7. Simple SQL¶
SQL, or “Structured Query Language”, is a means of asking questions of, and updating data in, relational databases. You have already seen SQL when we created our first database. Recall:
But that was a question about the database. Now that we’ve loaded data into our database, let’s use SQL to ask questions of the data! For example,
“What are the names of all the neighborhoods in New York City?”
Open up the SQL query window in pgAdmin by clicking the SQL button
then enter the following query in to the query window
SELECT name FROM nyc_neighborhoods;
and click the Execute Query button (the green triangle).
The query will run for a few (milli)seconds and return the 129 results.
But what exactly happened here? To understand, let’s begin with the four “verbs” of SQL,
SELECT, returns rows in response to a query
INSERT, adds new rows to a table
UPDATE, alters existing rows in a table
DELETE, removes rows from a table
We will be working almost exclusively with
SELECT in order to ask questions of tables using spatial functions.
7.1. SELECT queries¶
A select query is generally of the form:
SELECT some_columns FROM some_data_source WHERE some_condition;
For a synopsis of all
SELECT parameters, see the PostgresSQL documentation.
some_columns are either column names or functions of column values. The
some_data_source is either a single table, or a composite table created by joining two tables on a key or condition. The
some_condition is a filter that restricts the number of rows to be returned.
“What are the names of all the neighborhoods in Brooklyn?”
We return to our
nyc_neighborhoods table with a filter in hand. The table contains all the neighborhoods in New York, but we only want the ones in Brooklyn.
SELECT name FROM nyc_neighborhoods WHERE boroname = 'Brooklyn';
The query will run for even fewer (milli)seconds and return the 23 results.
Sometimes we will need to apply a function to the results of our query. For example,
“What is the number of letters in the names of all the neighborhoods in Brooklyn?”
Fortunately, PostgreSQL has a string length function, char_length(string).
SELECT char_length(name) FROM nyc_neighborhoods WHERE boroname = 'Brooklyn';
Often, we are less interested in the individual rows than in a statistic that applies to all of them. So knowing the lengths of the neighborhood names might be less interesting than knowing the average length of the names. Functions that take in multiple rows and return a single result are called “aggregate” functions.
PostgreSQL has a series of built-in aggregate functions, including the general purpose avg() for average values and stddev() for standard deviations.
“What is the average number of letters and standard deviation of number of letters in the names of all the neighborhoods in Brooklyn?”

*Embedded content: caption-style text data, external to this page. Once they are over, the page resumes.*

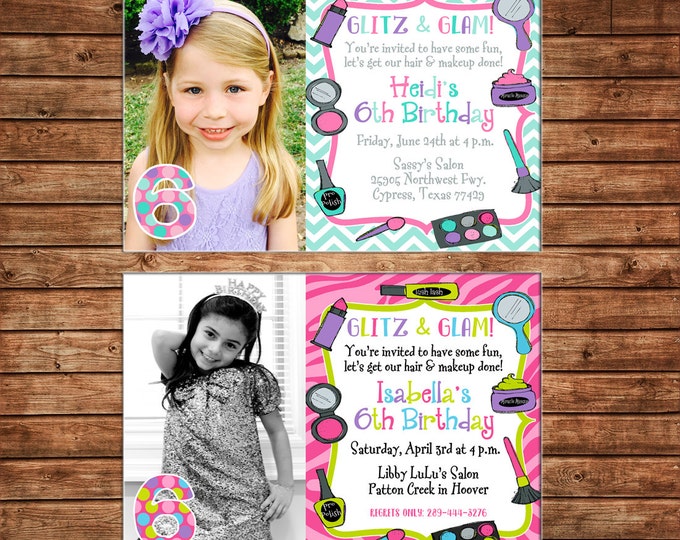 Girl Photo Invitation Makeup Makeover Dress Up Fashion Birthday Party - Can personalize colors /wording - Printable File or Printed Cards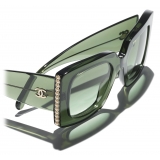 Chanel - Occhiali da Sole Quadrati - Verde Scuro - Chanel Eyewear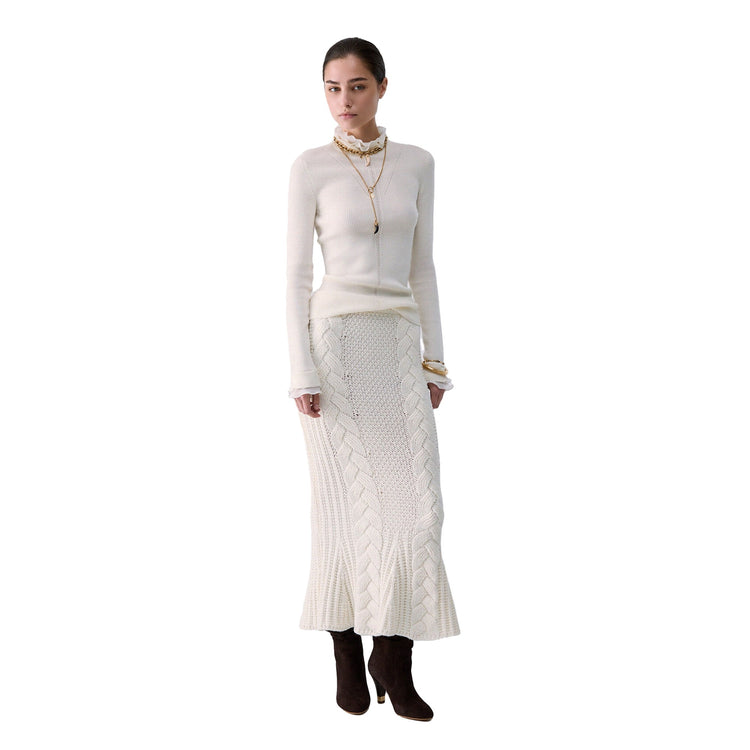 Maglia Donna con rouches Bianco modella intera frontale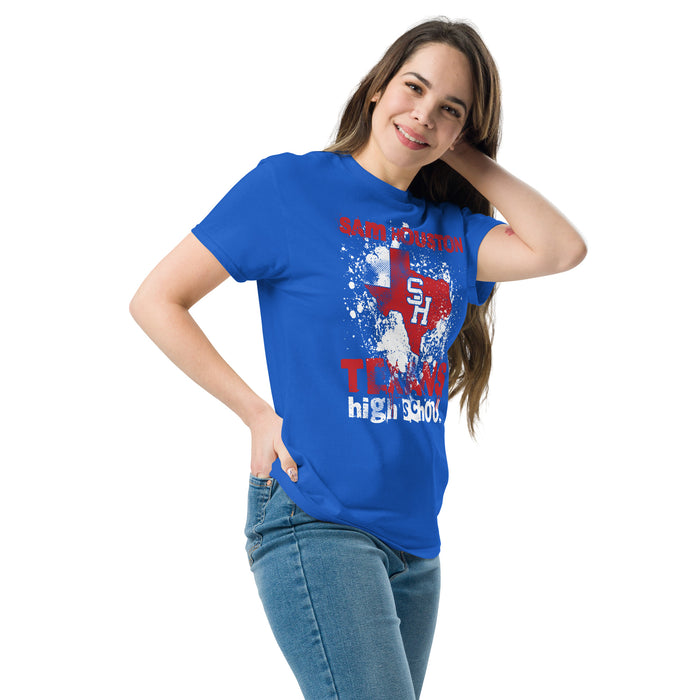 Woman wearing Sam Houston High School Texans Royal Blue Classic Unisex T-shirt 205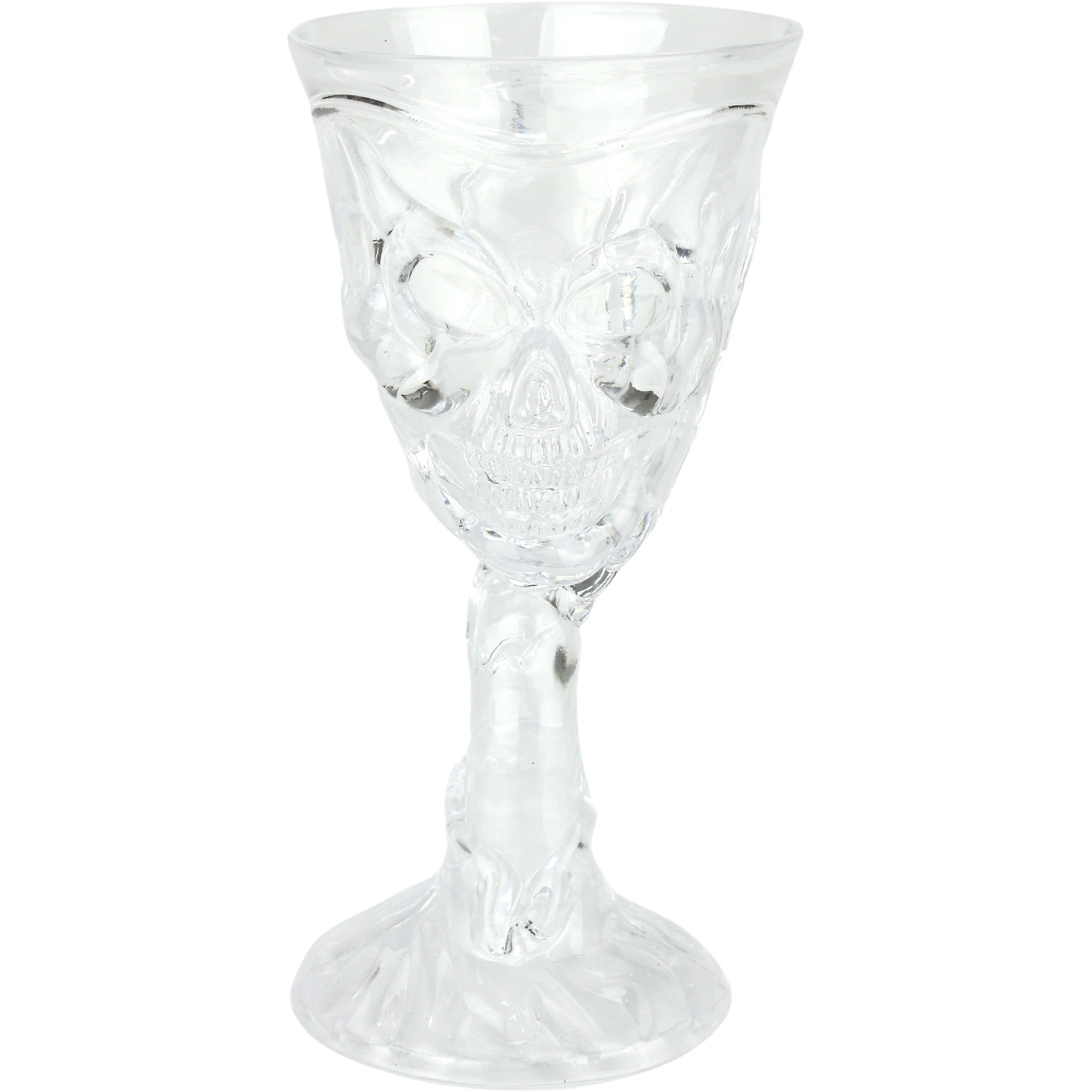 Clear Plastic Skull Wine Glass 225ml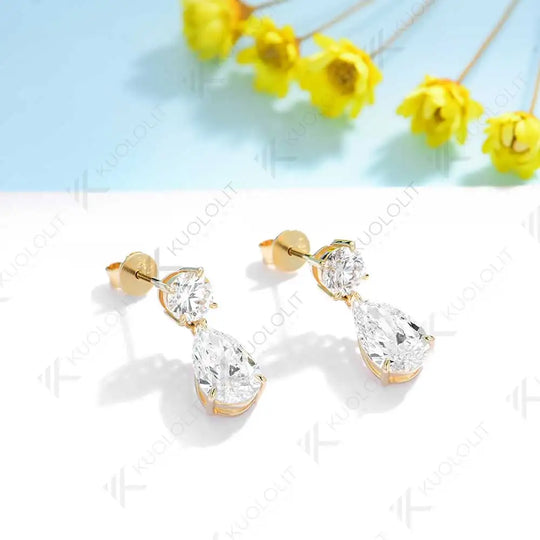 Kuololit 3CTW Lab Grown Diamonds Stub Earrings for Women Solid 18K 14K 10K 585 Yellow Gold Pear Clip Earring for Christmas Gift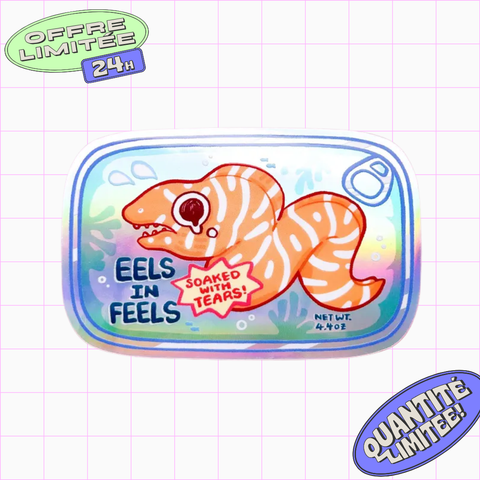 Eels in Feels Sticker Tinned Fish Moray Eel Design Emotional Feelings Sticker for Laptop, Water Bottle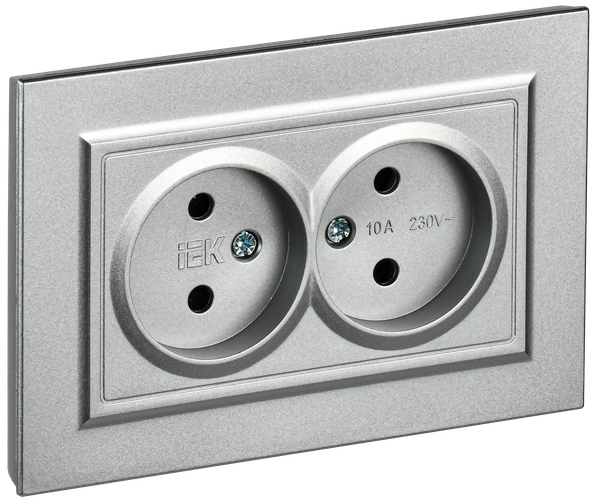 Изображение товара Розетка IEK Brite BR-R20-10-K47-F (алюминий)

SELECT avg(char_length(name)), stddev(char_length(name)) FROM nyc_neighborhoods WHERE boroname = 'Brooklyn';
avg | stddev ---------------------+-------------------- 11.7391304347826087 | 3.9105613559407395
The aggregate functions in our last example were applied to every row in the result set. What if we want the summaries to be carried out over smaller groups within the overall result set? For that we add a
GROUP BY clause. Aggregate functions often need an added
GROUP BY statement to group the result-set by one or more columns.
“What is the average number of letters in the names of all the neighborhoods in New York City, reported by borough?”

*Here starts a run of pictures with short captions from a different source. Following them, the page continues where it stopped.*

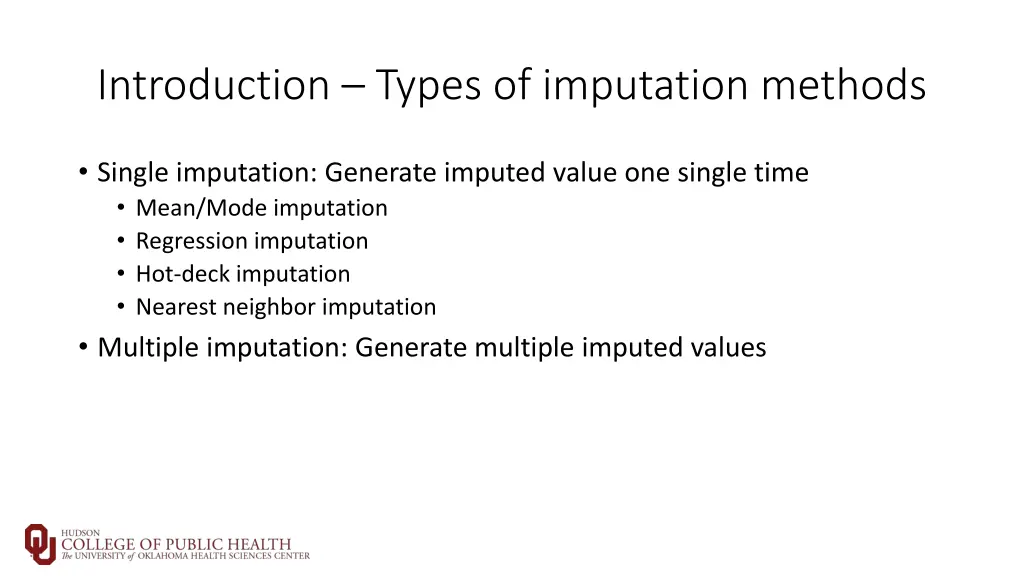 introduction types of imputation methods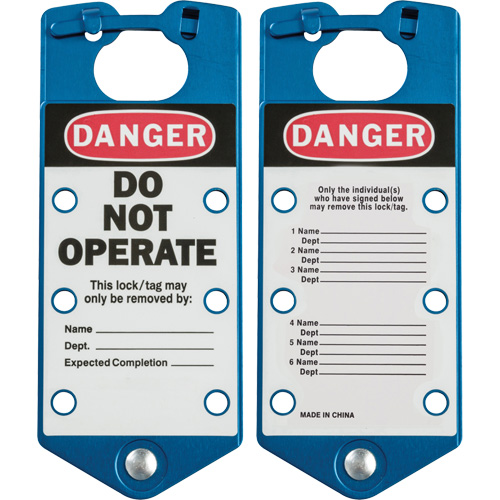 Labeled Lockout Hasps, Blue PB Rental Co. Ltd.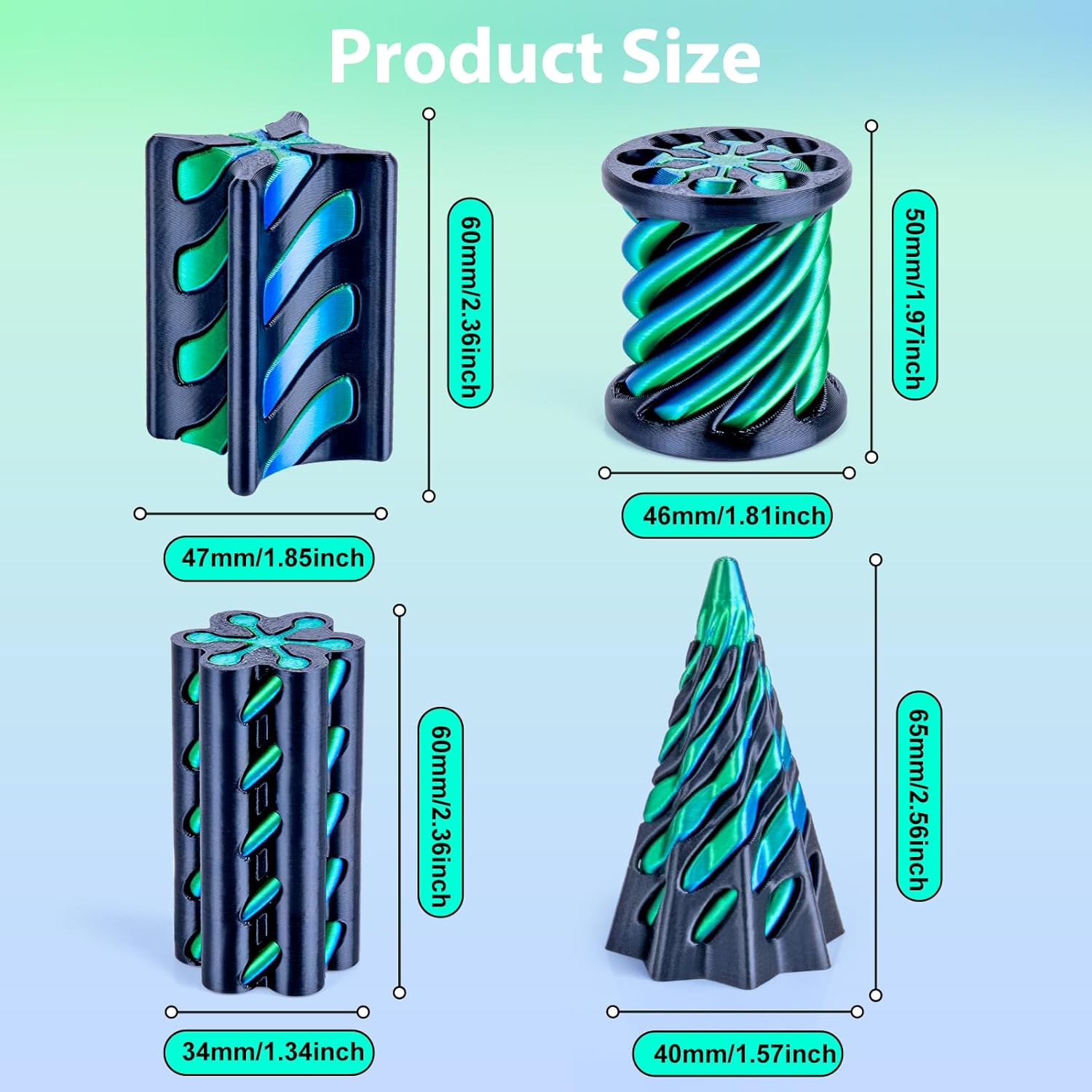 4個セット 3Dプリント製 不可能円錐スパイラルピラミッド  - 3D Printing Objects のレビューと価格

SELECT boroname, avg(char_length(name)), stddev(char_length(name)) FROM nyc_neighborhoods GROUP BY boroname;
We include the
boroname column in the output result so we can determine which statistic applies to which borough. In an aggregate query, you can only output columns that are either (a) members of the grouping clause or (b) aggregate functions.

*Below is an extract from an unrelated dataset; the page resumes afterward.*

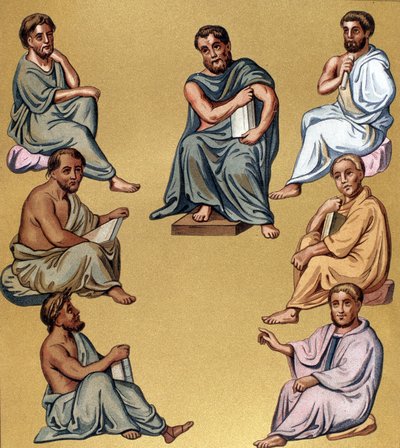 Portrait de différents médecins grecs (philosophes) - Unknown artist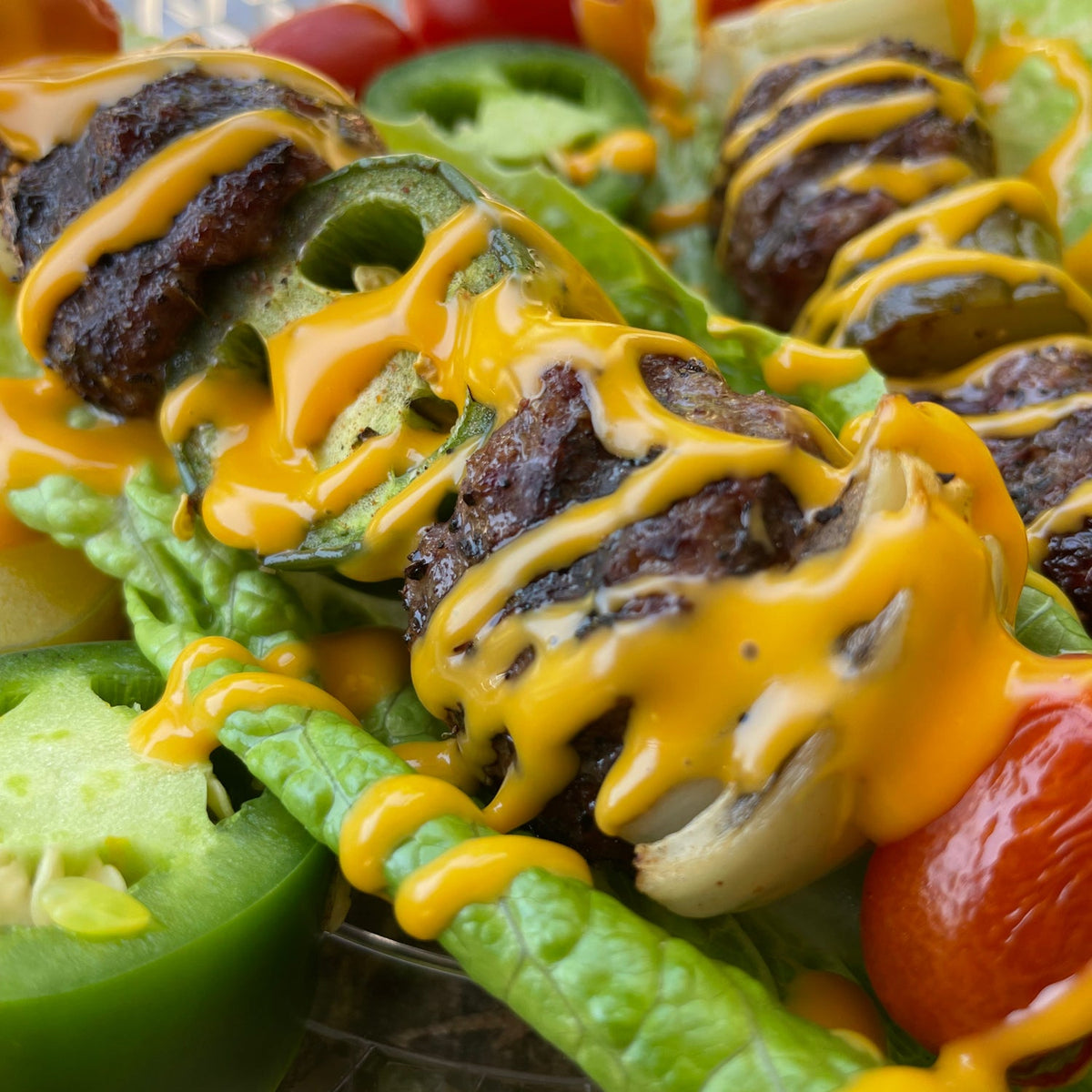 Keto Friendly Recipe Cheese burger bites skewers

boroname | avg | stddev ---------------+---------------------+-------------------- Brooklyn | 11.7391304347826087 | 3.9105613559407395 Manhattan | 11.8214285714285714 | 4.3123729948325257 The Bronx | 12.0416666666666667 | 3.6651017740975152 Queens | 11.6666666666666667 | 5.0057438272815975 Staten Island | 12.2916666666666667 | 5.2043390480959474
7.2. Function List¶
avg(expression): PostgreSQL aggregate function that returns the average value of a numeric column.
char_length(string): PostgreSQL string function that returns the number of character in a string.
stddev(expression): PostgreSQL aggregate function that returns the standard deviation of input values.